[Image-caption web data]
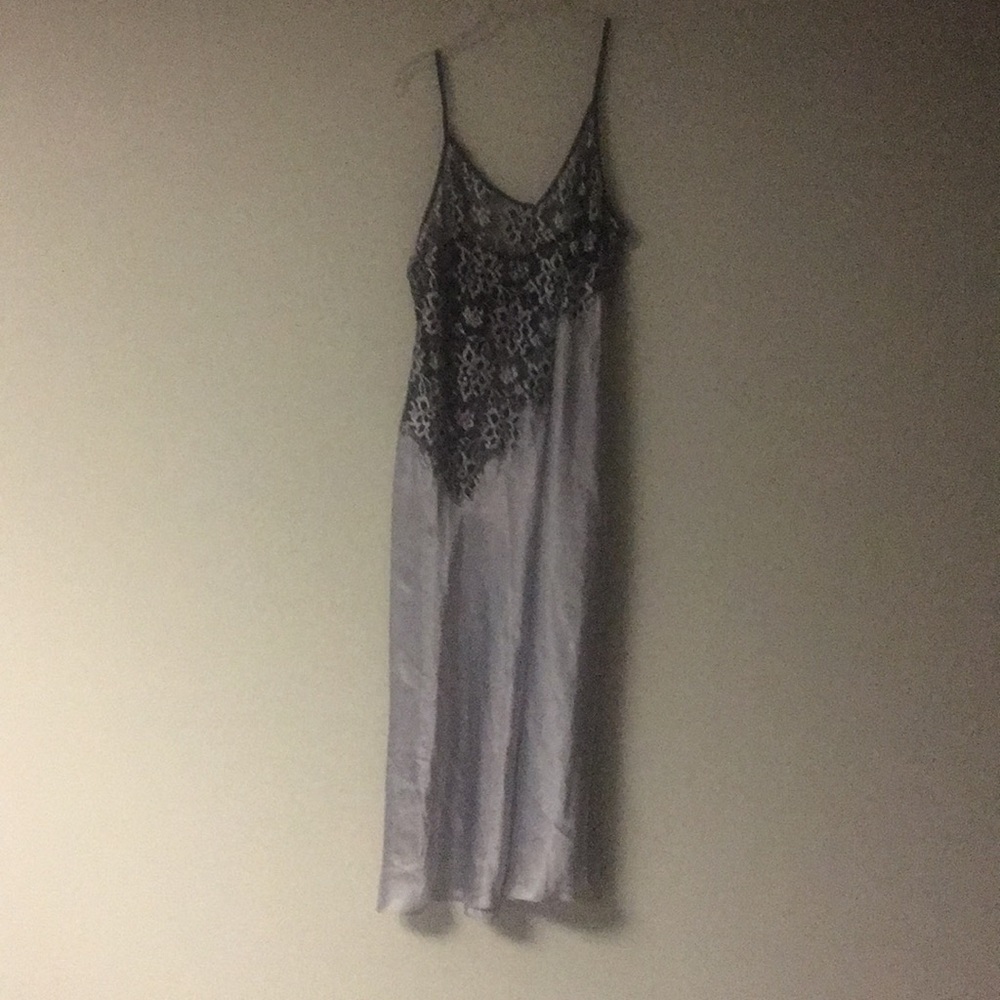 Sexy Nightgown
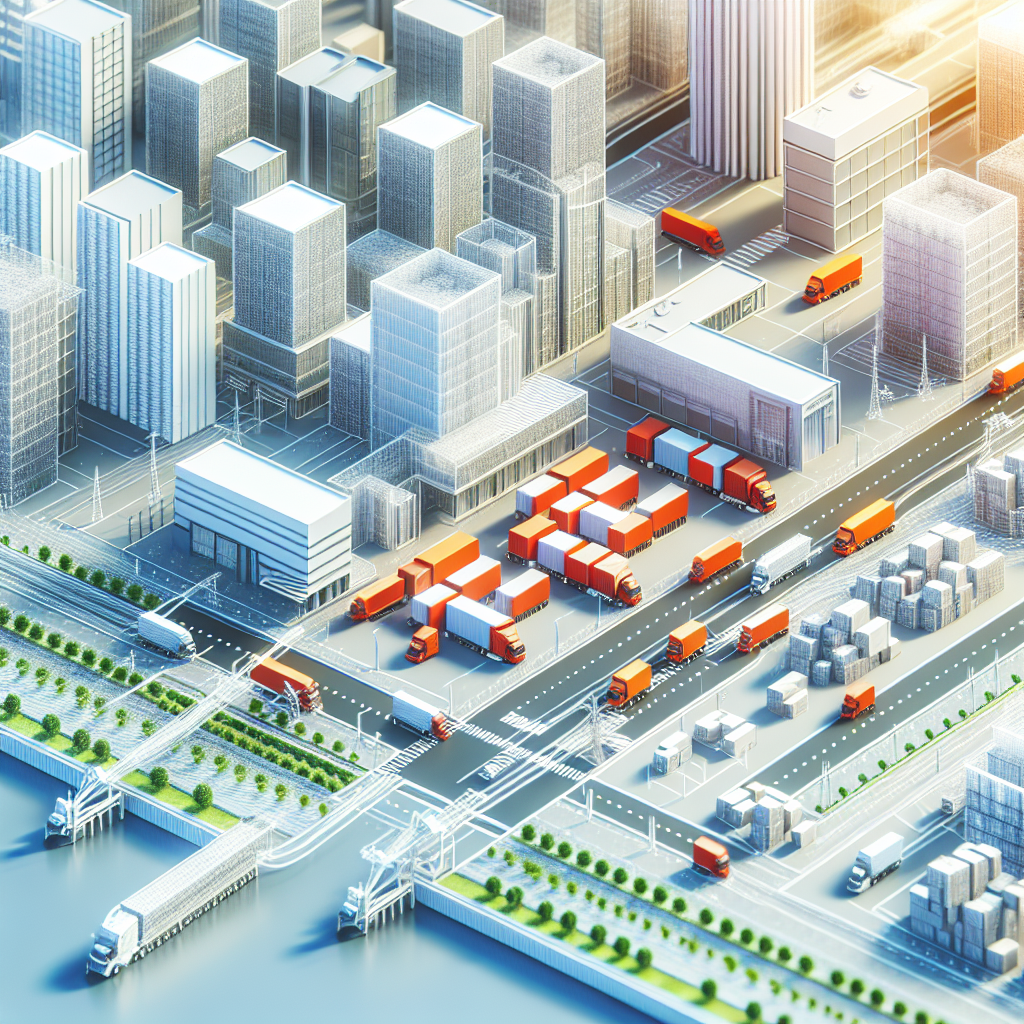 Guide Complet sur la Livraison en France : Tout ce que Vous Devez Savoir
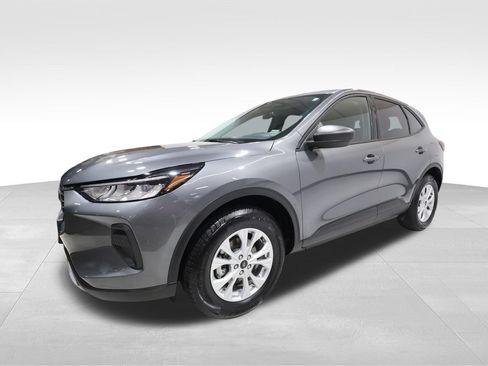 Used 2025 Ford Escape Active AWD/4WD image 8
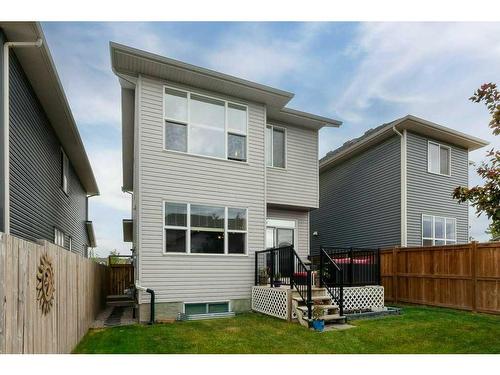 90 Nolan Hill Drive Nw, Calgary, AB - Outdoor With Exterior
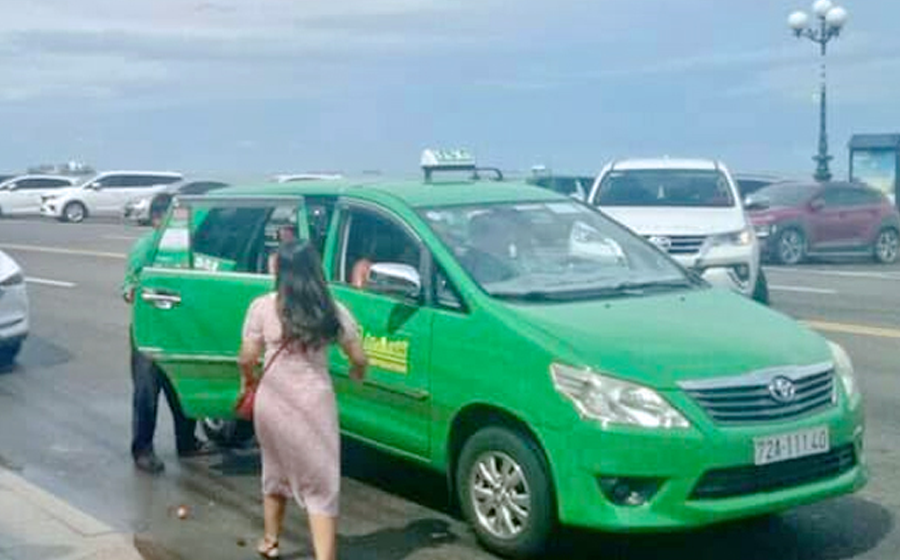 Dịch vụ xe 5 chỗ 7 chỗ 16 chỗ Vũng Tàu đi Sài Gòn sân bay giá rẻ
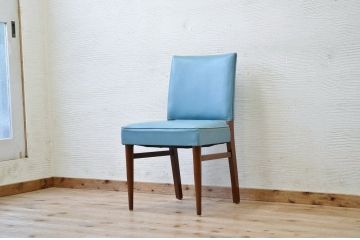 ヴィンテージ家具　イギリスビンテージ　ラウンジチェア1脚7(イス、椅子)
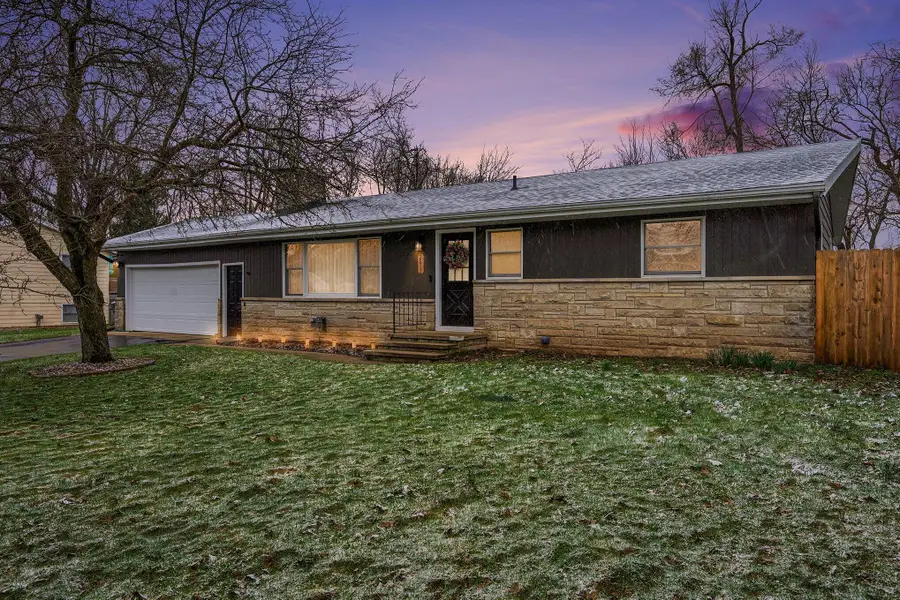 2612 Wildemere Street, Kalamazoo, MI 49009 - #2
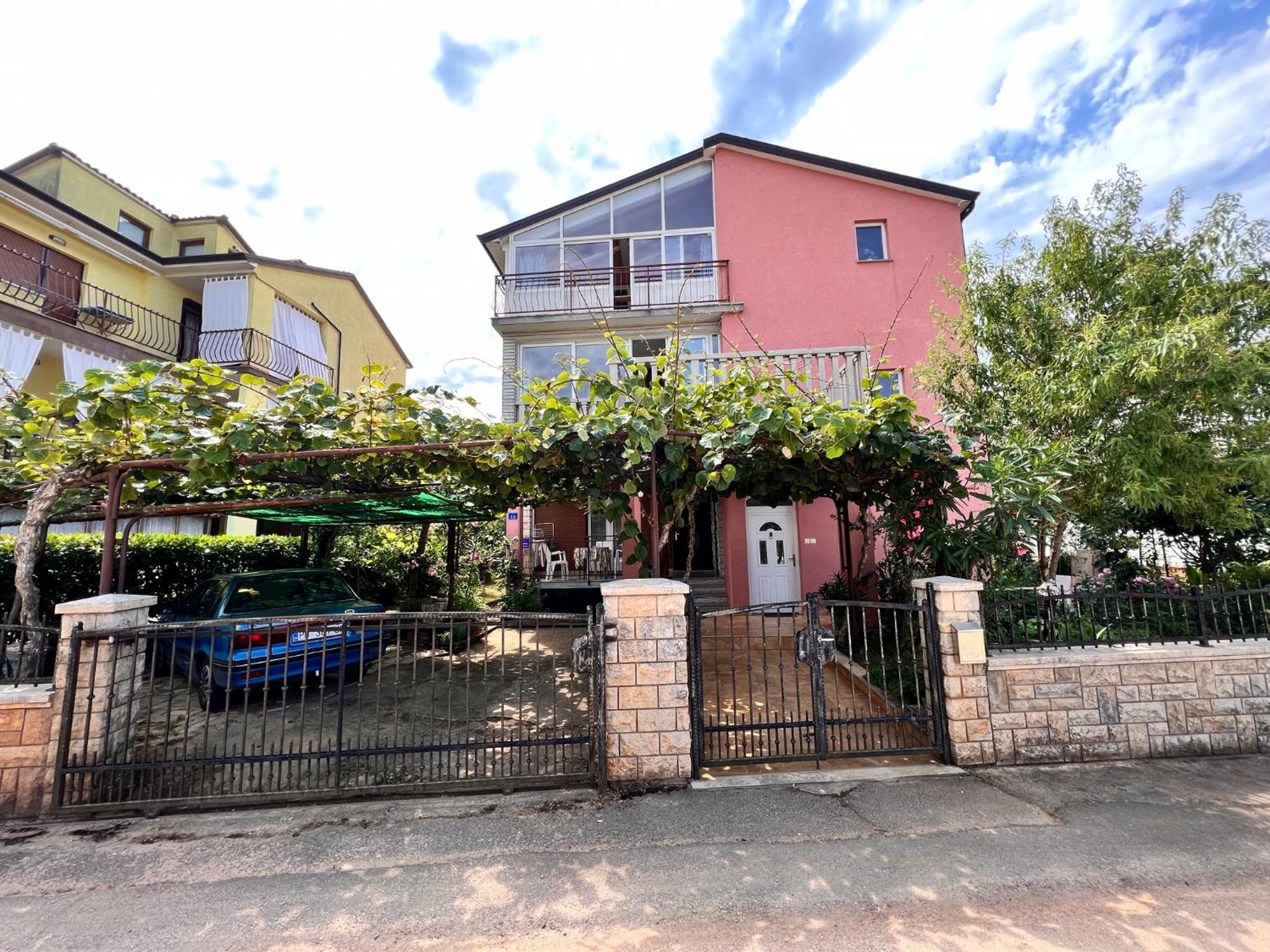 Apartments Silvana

**TASK PROMPT**. In the records above, transcribe exactly the lines from the one containing "90 Nolan Hill" through the last line, both included, and skip the pictures.

**RESPONSE**.
 90 Nolan Hill Drive Nw, Calgary, AB - Outdoor With Exterior
 Dịch vụ xe 5 chỗ 7 chỗ 16 chỗ Vũng Tàu đi Sài Gòn sân bay giá rẻ
 ヴィンテージ家具　イギリスビンテージ　ラウンジチェア1脚7(イス、椅子)
 2612 Wildemere Street, Kalamazoo, MI 49009 - #2
 Apartments Silvana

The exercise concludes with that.